Vereinsziel
Das Polyamore Netzwerk (PAN) unterstützt Menschen, die in einvernehmlichen und verantwortungsvollen Liebesbeziehungen zu mehreren Menschen leben oder dies anstreben. Der eingetragene Verein, 2008 gegründet, ist im deutschsprachigen Raum aktiv. Er hat derzeit etwa 80 Mitglieder aus Deutschland, Österreich und der Schweiz. Mehrmals im Jahr organisiert PAN überregionale Treffen für polyamore Menschen.
Polyamore Lebensformen sind gesellschaftlich wenig anerkannt, oft wird ihre Möglichkeit in Frage gestellt. Über Jahrhunderte galt in Europa das Ideal der ausschließlichen Liebe (oder ehelichen Verbindung) zwischen einem Mann und einer Frau. Dieses Ideal wirkt bis heute und findet seinen Niederschlag in juristischen und institutionellen Strukturen, in Auseinandersetzung mit fremden Kulturen, in der öffentlichen Beurteilung des Lebenswandels eines Menschen oder der psychologischen Einschätzung seines Liebeslebens. Nicht nur unsere Ehe-, Familien- und Sozialgesetzgebung sind auf die klassische monogame Beziehung zugeschnitten, unsere Alltagskultur bietet nur wenig Möglichkeiten zu Wissensvermittlung und Unterstützung bei der Gestaltung polyamorer Lebensweisen. Weil sie Missverständnisse, Ansehensverlust oder gar Ausgrenzung befürchten, entscheiden sich viele Menschen, die polyamore Lebensweisen bevorzugen, dies nur innerhalb eines engen Kreises von Freunden und Verwandten bekannt zu machen.

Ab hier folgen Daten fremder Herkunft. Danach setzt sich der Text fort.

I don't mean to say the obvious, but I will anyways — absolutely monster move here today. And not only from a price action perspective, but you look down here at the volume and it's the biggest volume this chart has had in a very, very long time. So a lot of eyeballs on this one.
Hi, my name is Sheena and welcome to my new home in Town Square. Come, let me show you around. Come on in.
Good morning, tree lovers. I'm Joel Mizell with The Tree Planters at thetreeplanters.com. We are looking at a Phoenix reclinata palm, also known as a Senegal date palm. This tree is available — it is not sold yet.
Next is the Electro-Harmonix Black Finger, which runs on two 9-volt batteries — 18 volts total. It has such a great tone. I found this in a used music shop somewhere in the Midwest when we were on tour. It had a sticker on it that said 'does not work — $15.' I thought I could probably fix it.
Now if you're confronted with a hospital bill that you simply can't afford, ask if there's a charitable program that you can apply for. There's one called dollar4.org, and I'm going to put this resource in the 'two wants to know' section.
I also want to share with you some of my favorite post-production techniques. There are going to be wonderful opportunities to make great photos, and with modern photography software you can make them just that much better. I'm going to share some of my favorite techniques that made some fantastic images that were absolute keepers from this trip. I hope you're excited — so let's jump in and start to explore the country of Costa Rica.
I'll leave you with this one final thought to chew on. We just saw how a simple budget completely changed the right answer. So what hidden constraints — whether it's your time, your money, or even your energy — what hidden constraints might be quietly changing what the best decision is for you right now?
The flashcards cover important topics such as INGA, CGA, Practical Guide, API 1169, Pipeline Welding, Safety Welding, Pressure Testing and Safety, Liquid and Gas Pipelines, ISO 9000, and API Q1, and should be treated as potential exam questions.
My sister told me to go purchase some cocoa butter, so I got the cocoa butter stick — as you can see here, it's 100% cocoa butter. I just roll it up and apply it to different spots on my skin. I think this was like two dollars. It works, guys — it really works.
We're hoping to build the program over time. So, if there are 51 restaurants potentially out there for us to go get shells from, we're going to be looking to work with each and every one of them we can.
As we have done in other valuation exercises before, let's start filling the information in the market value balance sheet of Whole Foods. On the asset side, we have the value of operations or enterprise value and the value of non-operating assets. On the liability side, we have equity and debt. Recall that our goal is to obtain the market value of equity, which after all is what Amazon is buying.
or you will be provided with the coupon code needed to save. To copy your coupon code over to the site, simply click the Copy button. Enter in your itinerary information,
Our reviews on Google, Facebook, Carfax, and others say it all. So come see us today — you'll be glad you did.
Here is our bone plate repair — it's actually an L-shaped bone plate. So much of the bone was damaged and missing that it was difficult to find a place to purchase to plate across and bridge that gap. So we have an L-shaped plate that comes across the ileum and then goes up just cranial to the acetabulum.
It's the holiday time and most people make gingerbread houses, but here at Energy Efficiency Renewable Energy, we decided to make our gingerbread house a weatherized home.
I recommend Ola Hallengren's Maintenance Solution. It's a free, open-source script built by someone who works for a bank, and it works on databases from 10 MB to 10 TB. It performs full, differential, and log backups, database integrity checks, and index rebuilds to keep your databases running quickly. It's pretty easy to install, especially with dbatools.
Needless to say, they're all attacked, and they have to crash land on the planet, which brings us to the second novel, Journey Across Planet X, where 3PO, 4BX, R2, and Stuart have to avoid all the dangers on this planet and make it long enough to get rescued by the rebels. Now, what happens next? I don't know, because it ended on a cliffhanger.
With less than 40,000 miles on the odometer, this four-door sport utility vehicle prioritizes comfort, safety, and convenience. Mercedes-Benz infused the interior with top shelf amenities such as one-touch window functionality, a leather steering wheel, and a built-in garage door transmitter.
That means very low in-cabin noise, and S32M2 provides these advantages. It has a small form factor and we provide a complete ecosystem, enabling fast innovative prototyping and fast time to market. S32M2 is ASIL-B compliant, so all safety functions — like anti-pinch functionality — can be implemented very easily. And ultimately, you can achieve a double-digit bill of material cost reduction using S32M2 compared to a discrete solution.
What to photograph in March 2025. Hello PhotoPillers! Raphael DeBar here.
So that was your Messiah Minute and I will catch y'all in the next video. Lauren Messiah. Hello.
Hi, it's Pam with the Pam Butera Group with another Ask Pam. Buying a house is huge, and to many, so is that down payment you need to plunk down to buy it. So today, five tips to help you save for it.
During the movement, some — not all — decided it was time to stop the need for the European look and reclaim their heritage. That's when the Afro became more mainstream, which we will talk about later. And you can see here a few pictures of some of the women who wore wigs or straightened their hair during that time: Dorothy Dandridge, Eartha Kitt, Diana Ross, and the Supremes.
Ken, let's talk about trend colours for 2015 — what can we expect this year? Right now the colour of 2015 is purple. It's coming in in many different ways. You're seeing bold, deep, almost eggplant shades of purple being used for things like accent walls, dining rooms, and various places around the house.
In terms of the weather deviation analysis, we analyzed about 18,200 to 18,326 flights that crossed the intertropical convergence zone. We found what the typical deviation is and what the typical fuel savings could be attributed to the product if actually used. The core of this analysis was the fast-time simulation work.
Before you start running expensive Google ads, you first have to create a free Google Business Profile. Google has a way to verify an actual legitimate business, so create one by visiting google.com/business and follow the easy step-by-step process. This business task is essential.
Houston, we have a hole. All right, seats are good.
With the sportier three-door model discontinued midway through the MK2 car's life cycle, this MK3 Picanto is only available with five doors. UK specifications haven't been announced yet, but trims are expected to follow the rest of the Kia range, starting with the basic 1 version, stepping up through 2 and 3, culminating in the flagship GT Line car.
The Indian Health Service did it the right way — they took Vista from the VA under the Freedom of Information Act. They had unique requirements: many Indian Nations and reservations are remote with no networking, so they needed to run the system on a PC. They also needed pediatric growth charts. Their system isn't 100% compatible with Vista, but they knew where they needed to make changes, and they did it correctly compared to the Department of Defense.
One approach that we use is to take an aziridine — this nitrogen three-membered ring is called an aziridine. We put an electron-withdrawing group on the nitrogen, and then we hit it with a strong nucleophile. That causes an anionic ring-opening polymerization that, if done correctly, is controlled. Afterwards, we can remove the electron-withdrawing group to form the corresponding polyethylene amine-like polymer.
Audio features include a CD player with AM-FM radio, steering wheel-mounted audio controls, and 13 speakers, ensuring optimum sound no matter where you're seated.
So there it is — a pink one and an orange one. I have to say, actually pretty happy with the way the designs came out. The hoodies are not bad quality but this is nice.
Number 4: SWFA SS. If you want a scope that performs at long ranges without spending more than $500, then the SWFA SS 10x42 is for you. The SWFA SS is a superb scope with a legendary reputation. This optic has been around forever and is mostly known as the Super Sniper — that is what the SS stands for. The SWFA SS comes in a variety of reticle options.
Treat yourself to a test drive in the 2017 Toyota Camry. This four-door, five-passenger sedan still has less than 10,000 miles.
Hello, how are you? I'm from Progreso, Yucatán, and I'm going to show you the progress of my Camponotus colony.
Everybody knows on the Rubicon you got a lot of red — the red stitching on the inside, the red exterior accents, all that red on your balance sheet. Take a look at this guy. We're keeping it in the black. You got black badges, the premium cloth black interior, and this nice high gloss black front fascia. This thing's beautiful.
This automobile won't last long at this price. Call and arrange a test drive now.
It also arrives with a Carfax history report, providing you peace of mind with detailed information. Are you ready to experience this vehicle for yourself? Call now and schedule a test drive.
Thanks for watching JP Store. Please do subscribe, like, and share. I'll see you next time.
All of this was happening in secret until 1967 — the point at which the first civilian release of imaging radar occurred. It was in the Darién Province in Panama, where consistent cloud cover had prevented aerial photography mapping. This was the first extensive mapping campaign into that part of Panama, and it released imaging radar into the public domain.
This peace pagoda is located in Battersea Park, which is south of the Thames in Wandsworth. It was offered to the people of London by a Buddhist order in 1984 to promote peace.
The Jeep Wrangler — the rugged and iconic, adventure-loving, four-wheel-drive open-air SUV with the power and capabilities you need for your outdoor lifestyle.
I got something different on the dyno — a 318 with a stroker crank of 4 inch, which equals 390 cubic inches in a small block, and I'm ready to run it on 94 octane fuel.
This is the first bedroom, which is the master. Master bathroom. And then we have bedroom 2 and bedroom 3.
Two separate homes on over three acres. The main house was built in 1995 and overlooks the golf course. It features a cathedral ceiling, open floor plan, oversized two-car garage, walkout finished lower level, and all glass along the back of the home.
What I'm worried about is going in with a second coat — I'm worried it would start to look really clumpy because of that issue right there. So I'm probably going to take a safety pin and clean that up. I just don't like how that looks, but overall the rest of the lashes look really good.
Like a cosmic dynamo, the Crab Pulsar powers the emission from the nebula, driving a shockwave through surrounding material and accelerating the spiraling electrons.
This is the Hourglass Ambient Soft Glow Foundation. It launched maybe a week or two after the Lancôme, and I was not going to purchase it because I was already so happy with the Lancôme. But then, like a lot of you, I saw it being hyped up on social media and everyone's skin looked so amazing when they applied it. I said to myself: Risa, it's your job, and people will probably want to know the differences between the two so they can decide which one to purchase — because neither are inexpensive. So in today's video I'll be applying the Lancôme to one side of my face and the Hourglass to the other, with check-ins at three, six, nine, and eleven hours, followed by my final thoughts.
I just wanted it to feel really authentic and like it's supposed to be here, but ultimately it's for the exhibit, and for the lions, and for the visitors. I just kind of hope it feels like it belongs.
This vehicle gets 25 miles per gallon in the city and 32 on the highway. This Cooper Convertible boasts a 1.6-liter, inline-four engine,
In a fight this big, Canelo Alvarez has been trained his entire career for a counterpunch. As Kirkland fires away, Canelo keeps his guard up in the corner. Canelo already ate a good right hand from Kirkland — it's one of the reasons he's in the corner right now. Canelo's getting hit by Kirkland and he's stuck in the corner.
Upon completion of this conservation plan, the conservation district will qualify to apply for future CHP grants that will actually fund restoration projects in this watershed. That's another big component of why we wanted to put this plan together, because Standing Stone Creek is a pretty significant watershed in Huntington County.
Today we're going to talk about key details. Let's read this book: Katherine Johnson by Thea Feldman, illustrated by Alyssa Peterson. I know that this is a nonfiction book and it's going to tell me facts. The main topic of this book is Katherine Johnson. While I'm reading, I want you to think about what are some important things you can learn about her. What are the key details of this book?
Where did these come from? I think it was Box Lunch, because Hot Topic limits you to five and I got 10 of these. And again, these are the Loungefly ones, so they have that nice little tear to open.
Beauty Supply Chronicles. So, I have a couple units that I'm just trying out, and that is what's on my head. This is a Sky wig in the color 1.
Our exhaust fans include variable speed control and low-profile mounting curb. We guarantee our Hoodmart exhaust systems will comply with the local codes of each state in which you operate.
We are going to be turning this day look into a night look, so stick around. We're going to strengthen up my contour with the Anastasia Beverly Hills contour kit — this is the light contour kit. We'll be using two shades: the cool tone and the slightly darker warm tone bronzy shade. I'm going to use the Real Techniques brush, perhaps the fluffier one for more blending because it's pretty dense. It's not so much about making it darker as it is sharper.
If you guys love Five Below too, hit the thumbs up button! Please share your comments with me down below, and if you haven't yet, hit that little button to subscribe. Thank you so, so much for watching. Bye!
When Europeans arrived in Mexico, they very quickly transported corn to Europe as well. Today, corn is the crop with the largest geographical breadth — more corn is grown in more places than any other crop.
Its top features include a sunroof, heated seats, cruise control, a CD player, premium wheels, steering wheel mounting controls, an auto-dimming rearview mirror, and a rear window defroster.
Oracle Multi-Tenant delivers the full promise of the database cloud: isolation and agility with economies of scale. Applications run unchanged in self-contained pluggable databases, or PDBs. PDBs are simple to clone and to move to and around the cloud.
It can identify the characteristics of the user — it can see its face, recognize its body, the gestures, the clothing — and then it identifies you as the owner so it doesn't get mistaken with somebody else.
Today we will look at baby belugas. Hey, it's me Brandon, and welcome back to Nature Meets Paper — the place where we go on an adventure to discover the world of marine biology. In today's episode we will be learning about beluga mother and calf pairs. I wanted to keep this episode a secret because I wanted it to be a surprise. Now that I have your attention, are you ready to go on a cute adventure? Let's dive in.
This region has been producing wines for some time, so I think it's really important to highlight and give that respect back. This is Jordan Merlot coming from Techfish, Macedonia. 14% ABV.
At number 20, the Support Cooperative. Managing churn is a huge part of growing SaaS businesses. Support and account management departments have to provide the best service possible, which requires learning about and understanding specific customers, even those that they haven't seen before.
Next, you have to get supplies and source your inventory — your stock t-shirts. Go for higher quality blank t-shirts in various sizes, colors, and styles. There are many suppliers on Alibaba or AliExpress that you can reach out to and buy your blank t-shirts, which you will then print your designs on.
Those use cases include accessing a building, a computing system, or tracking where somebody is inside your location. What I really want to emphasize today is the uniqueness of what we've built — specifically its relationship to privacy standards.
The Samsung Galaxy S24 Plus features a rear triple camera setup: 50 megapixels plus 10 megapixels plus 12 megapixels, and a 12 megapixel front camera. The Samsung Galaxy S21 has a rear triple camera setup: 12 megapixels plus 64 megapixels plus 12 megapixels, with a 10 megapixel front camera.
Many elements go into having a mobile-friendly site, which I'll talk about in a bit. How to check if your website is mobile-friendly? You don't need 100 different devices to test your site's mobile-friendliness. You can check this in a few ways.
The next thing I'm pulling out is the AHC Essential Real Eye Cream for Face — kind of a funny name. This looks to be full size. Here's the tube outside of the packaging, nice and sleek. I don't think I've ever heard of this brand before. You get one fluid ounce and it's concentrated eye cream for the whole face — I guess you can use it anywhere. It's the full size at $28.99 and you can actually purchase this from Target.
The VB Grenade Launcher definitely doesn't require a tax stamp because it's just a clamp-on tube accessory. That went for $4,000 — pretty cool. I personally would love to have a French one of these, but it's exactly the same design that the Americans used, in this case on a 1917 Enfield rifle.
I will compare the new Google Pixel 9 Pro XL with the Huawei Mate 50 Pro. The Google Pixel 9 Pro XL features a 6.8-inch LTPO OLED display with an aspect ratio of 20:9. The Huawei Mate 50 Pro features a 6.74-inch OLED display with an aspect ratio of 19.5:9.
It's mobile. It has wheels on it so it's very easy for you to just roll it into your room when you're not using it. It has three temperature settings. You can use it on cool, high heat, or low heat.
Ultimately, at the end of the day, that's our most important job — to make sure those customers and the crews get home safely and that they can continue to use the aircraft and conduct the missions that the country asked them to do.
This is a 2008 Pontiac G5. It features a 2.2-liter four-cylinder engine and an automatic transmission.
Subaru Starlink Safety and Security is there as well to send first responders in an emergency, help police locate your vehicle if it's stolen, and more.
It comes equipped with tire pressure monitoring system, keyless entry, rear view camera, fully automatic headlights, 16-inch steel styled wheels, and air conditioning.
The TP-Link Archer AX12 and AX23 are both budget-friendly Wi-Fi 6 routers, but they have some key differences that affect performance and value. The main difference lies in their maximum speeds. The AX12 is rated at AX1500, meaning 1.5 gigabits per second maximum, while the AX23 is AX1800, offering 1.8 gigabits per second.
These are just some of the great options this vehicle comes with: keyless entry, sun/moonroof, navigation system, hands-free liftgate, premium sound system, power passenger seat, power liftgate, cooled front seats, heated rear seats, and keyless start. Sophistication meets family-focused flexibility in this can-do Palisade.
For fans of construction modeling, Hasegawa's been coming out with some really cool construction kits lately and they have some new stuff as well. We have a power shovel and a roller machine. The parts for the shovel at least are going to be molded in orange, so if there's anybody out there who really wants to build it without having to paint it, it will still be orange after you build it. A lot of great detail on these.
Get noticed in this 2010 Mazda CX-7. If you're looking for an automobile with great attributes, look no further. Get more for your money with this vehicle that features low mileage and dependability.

Das Polyamore Netzwerk informiert über polyamore Lebensweisen und setzt sich in der Öffentlichkeit für den Abbau von Vorurteilen und Missverständnissen ein. Es vermittelt Ansprechpartner an Presse und Medien, die bereit sind, über die Liebe im Plural Rede und Antwort zu stehen. Es veranstaltet Treffen und Tagungen, um polyamoren Menschen eine Gelegenheit für Begegnung und Austausch unter Gleichgesinnten zu geben. Über verschiedene Vereinsmedien können sich Interessierte miteinander vernetzen und in Kontakt treten.
Das Netzwerk erhebt keinen Alleinvertretungsanspruch für polyamore Menschen im deutschsprachigen Raum, sondern versteht sich als ein Kondensationspunkt im vielstimmigen Chor polyamorer Lebensweisen. Das Engagement der Mitglieder und des Vorstands ist ehrenamtlich. Der Verein verfolgt keine kommerziellen Interessen.
Gründe für die Gründung des Netzwerks
Der Verein ist nicht aus der Sehnsucht nach Vereinsmeierei entstanden, sondern aus praktischen Bedürfnissen der Selbstorganisation. Nachdem bereits seit einigen Jahren in diversen Städten Deutschlands, Österreichs und der Schweiz regelmäßige lokale Stammtische und einzelne regionale Treffen stattfanden, wurde im April 2008 ein erstes überregionales Treffen für den deutschsprachigen Raum mit etwa 50 Teilnehmern veranstaltet. Es zeigte sich, dass der Zuspruch so groß war, dass weitere und größere Treffen ohne weiteres geplant werden konnten.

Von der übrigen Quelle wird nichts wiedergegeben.